Optimized primitives for collective multi-GPU communication
Other
3.19k stars 804 forks source link

ncclCommSplit in non-blocking API mode #1472

Open kwen2501 opened 1 week ago

kwen2501 commented 1 week ago
ncclResult_t ncclCommSplit(ncclComm_t comm, int color, int key, ncclComm_t* newcomm, ncclConfig_t* config)

Question 1: When calling ncclCommSplit in non-blocking API mode, would the value (i.e. pointer) for newcomm be filled before the API returns?

Question 2: if we want to check if the split finishes, should we call ncclGetAsyncError on the parent comm or on the newcomm? Or either one is fine?

sjeaugey commented 1 week ago

I would think ncclCommSplit mimics the behavior of ncclCommInitRank. So:

Q1: yes, it should Q2: checking the status of newcomm should work, so that you can poll on it then use it for comm operations . But indeed we would also need to wait for the split to complete until we can reuse the parent comm, hence the status of the parent comm should be ncclInProgress as well until it's safe to call new operations on the parent comm.

I might be missing something though; let me check internally.

kwen2501 commented 1 week ago

Thanks @sjeaugey

Re Q1: Yeah, I had the same mental model / expectation.

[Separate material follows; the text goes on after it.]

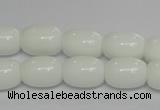 CPB11 15.5 inches 10*14mm drum white porcelain beads wholesale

But I also saw some lines as below from PyTorch's log after using split in non-blocking mode:

[PG ID 1 PG GUID 1(default_pg:split:0) Rank 0] ProcessGroupNCCL created ncclComm_ 0 on CUDA device: 0

The "ncclComm_ 0" part seems to suggest that the value is not filled when ncclCommSplit returns. It may be also due to bugs in PyTorch, I can isolate further.

Re Q2: Good point about the parent comm.

sjeaugey commented 1 week ago

Ok. It looks like the current implementation is focusing on the parent comm and considering ncclCommSplit like a ncclAllReduce in that respect: the operation is not complete while the parent comm status is ncclInProgress and when it becomes ncclSuccess, then the newcomm is filled.

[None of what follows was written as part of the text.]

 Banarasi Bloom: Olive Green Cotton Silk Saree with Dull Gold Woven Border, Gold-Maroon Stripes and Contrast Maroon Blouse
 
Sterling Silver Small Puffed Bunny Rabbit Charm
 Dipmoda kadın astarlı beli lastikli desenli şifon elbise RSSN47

We'll see if we can improve the behavior to continue being consistent with the non-blocking semantics of the parent, but also be more consistent with the ncclCommInitRankConfig semantics.

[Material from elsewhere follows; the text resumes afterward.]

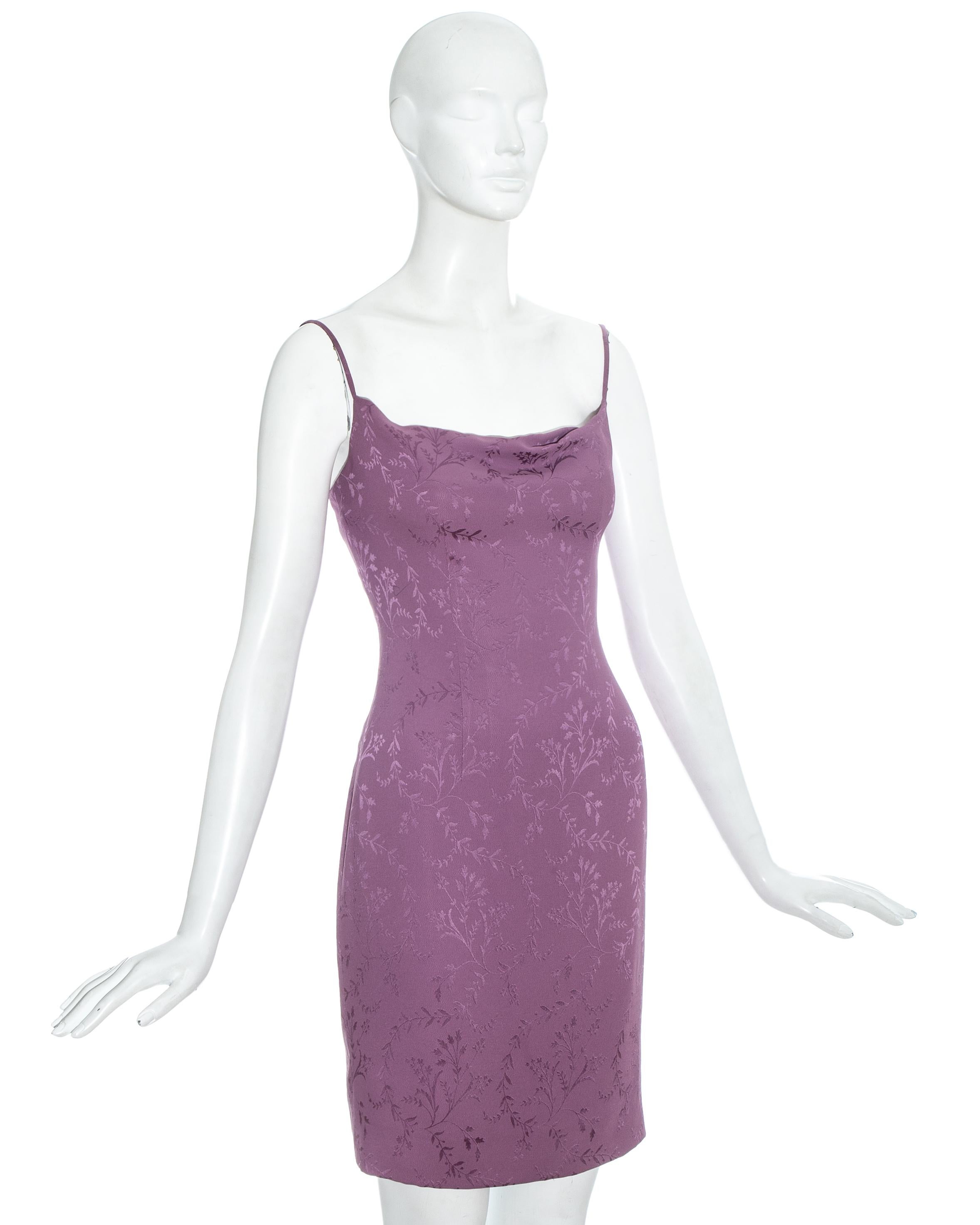 dior purple silk brocade slip dress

I'm thinking about making the ncclCommSplit non-blocking only if both the parent comm and the new comm are non-blocking. Also, in non-blocking mode, the newcomm should be valid when we return, like for ncclCommInitRank. That seems to me to follow the constraints of both sides.

Of course we'd need to make the changes to confirm I'm not missing anything.

kwen2501 commented 1 week ago

Sounds good, thanks!

Also, in non-blocking mode, the newcomm should be valid when we return, like for ncclCommInitRank.

nit: in blocking mode.

sjeaugey commented 1 week ago

nit: in blocking mode.

Mmm, no, I meant in non-blocking more. In blocking mode when we return from ncclCommSplit, the new comm should be valid and fully initialized. In non-blocking mode, the new comm we return should be a valid object (as far as I understand, not the case currently), although probably not initialized yet (ncclInProgress).

Does that make sense?

kwen2501 commented 1 week ago

Oh, my bad understanding of "valid", I took it as "initialized". All good!